Of course, we have to be mindful of practical significance at all times. When selecting independent variables for our model, we should use our understanding of the data and the situation to select only the best predictors. Although we could, it is inappropriate to haphazardly test numerous arbitrary combinations of variables in an attempt to find the supposed best statistical model. In fact, partaking in such practice is likely to lead to a model that is both meaningless in a practical sense and incapable of predicting valid answers to the questions that motivated the use of regression modeling in the first place. Therefore, always keep in mind the practical implications of every statistical analysis.
R's anova(object, ...)
is a variable-argument function that can be used to conduct ANOVA on several objects. Each object of comparison can be entered into the function as its own argument. For example, in:
anova(A, B, C)
Here we are telling R to compare three objects (A, B
, and C)
using ANOVA.
The anova(object, ...)
function yields an ANOVA table, which details the results of the analysis. For the purposes of comparing successive models using HLR, we are only concerned with the p-values (the Pr(>}|t|) column). The p-value beside each model indicates whether or not it is statistically significant above and beyond its preceding model. It does not however, indicate the individual statistical significance of the model, which is why we also considered the individual model summaries.

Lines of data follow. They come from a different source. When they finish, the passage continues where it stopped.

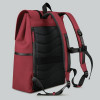 Рюкзак Gaston Luga Backpack Splash 2.0 16" (SPBP16RD) Red / Красный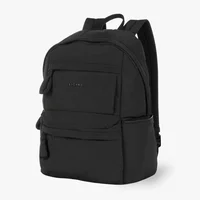 Morral Lugano Noon Negro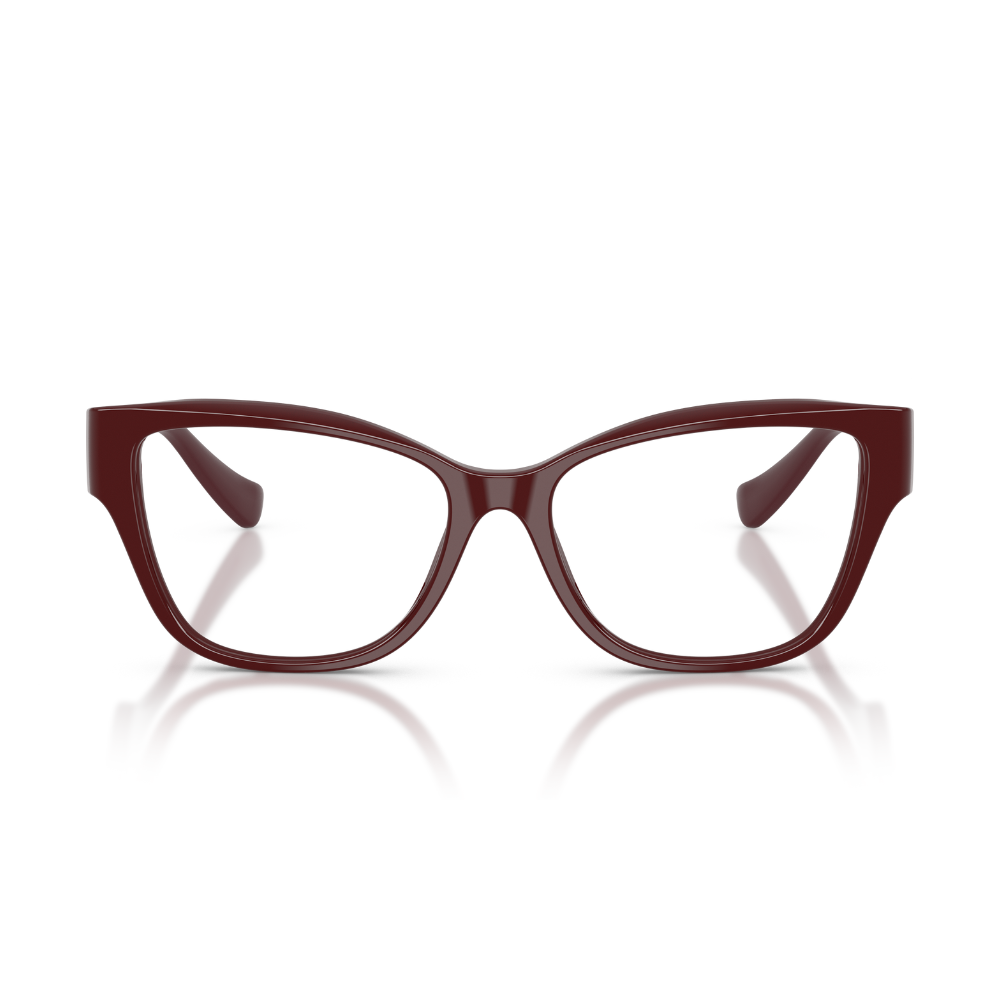 image_a1a33cf7-bfea-44e8-ad3b-9dfe83e8b292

The ANOVA table from our activity indicates that our multiple regression model is statistically significant above and beyond our simple regression model. However, our interaction model does not make a statistically significant contribution above and beyond our multiple regression model. This suggests, from a statistical standpoint, that our interaction coefficient should be removed. Recall that we did not formulate a logical basis for the interaction between the number of Shu and Wei soldiers engaged in head to head combat. Without a statistical or practical reason to include the interaction coefficient, it is best removed from the model. In other words, our HLR analysis suggests that, out of the models that we analyzed, the multiple regression model is best.

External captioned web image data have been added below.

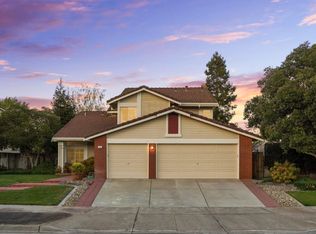 1465 Quail Walk Dr, Gilroy, CA 95020
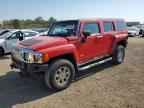 2007 HUMMER H3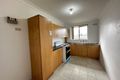 Property photo of 11A Toongabbie Road Toongabbie NSW 2146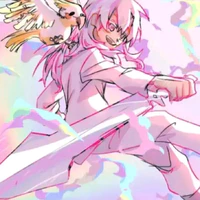 hiha hologram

a. The regression models' coefficients are statistically significant.
b. The overall regression model is statistically significant.
c. The contribution that the model makes is statistically significant.

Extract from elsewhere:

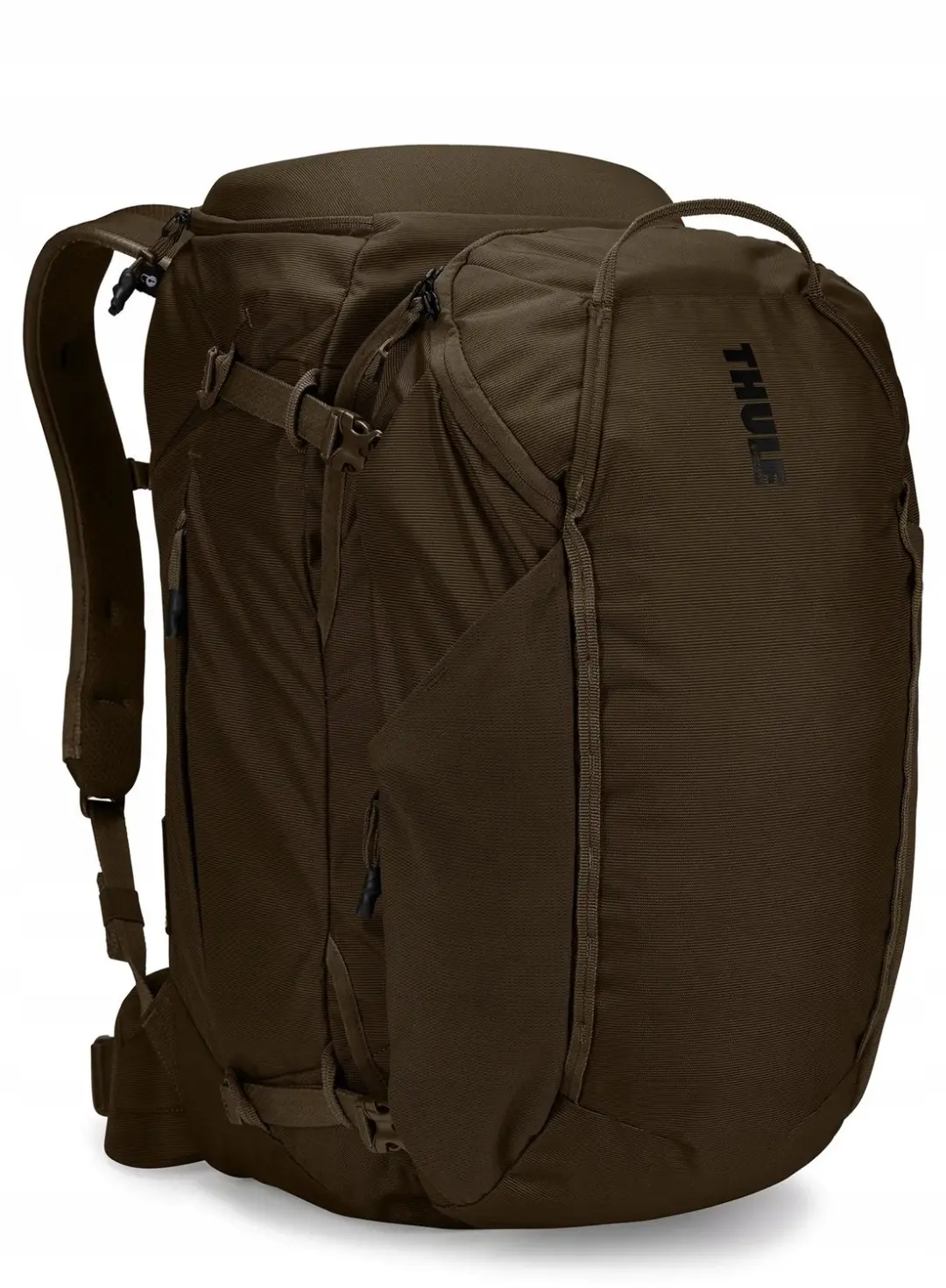 Thule Landmark Travel Pack 60L Rugzak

d. The contribution that the model makes above and beyond the preceding model is statistically significant.
Using the techniques that we explored in this chapter, analyze the remaining battle methods surround, ambush, and fire and create regression models for each that predict the performance rating of the Shu army. Be sure to use your practical knowledge of the combat strategies to choose appropriate coefficients for your regression models. Once you have found a few reasonably predictive models for each method, use HLR to compare them. Ultimately, come to a statistically and practically justifiable conclusion about the best regression model to use for each battle method. Remember to save your R workspace and console text to preserve the content that you created during this chapter.